9 A theme of today’s conference “Does Asia need an Asian ICSD” is a thought-provoking one and I feel very encouraged that all stakeholders in the industry are actively exploring ways to improve cross-border settlements. Two things would be important in the discussions and actions to be taken. First, countries need to adopt regional and not only national perspectives on the issues. Second, whichever approach is taken, we need to work with the grain of the market, as an industry-led solution is often the best outcome for improving the efficiency of clearing and settlement activities.

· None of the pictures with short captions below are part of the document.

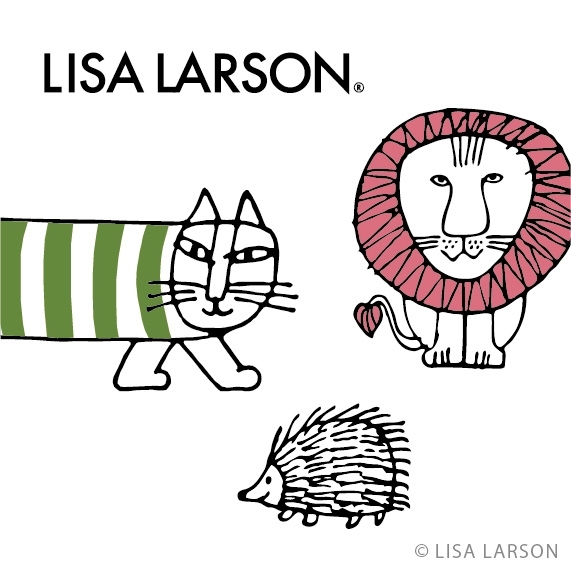 【LISA LARSON】愛らしい百獣の王が仲間入り。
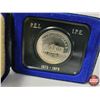 Image 2 : Canada Dollar PEI 1873-1973 in Blue Case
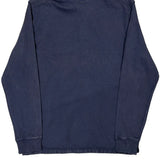 Ralph Lauren Rugby Shirt - Large Navy Cotton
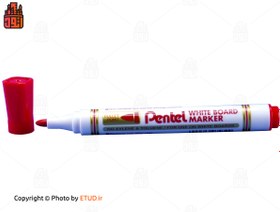 تصویر ماژیک وایت برد سرگرد پنتل Pentel White board marker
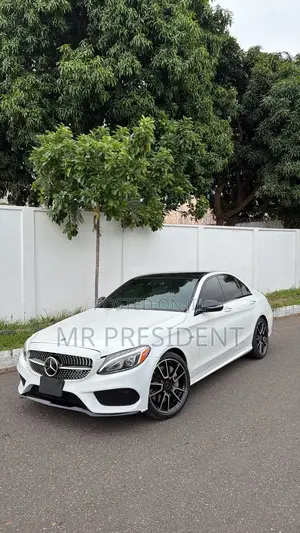Mercedes-Benz C43 4Matic Sedan AWD (3.0L V6 9AM) 2018 White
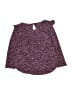 Old Navy Burgundy Long Sleeve Top Size 5 - photo 2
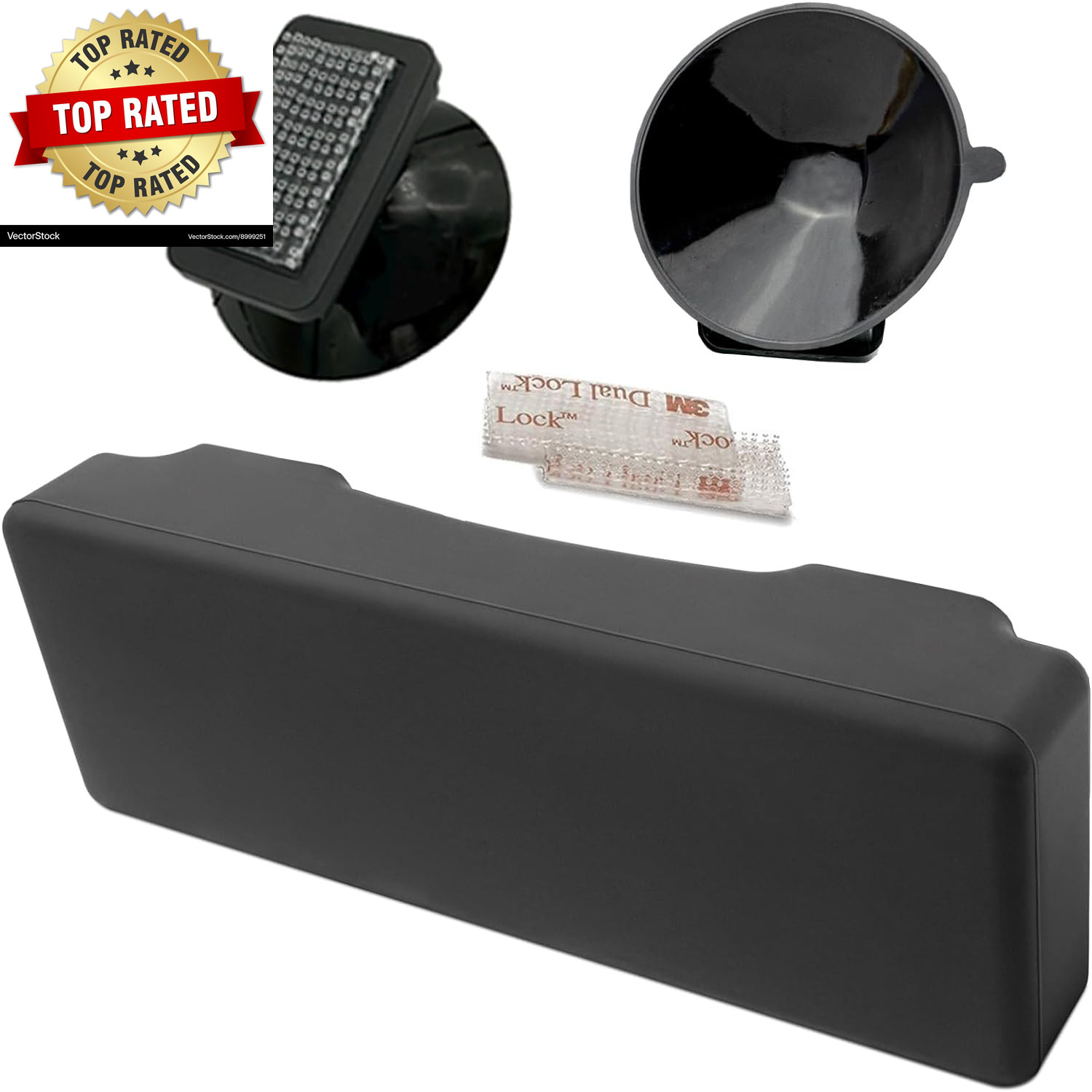 Silicone Skin + Holders for the New Rectangular EZ Pass with Interlocking Strips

10 In conclusion, making the plumbing of financial systems safe and efficient is an important goal that is recognized by central banks, financial regulators and market participants alike. The BIS Committee on Payment and Settlement Systems and Technical Committee of IOSCO, as well as the G30 Group have all made recommendations to improve settlement systems. EMEAP, ADB and industry associations have also on their part, been pursuing cooperation, conducting research and discussing with market participants on ways to enhance cross-border arrangements. On our end, the MAS is actively participating in the various regional, and also global discussions and initiatives, to consider new and innovative steps to further develop the bond markets and its supporting infrastructure. Once again, thank you for inviting me and I trust this conference will be a most interesting and fruitful one.
1 Except for remnants of some papers in Japan and Indonesia.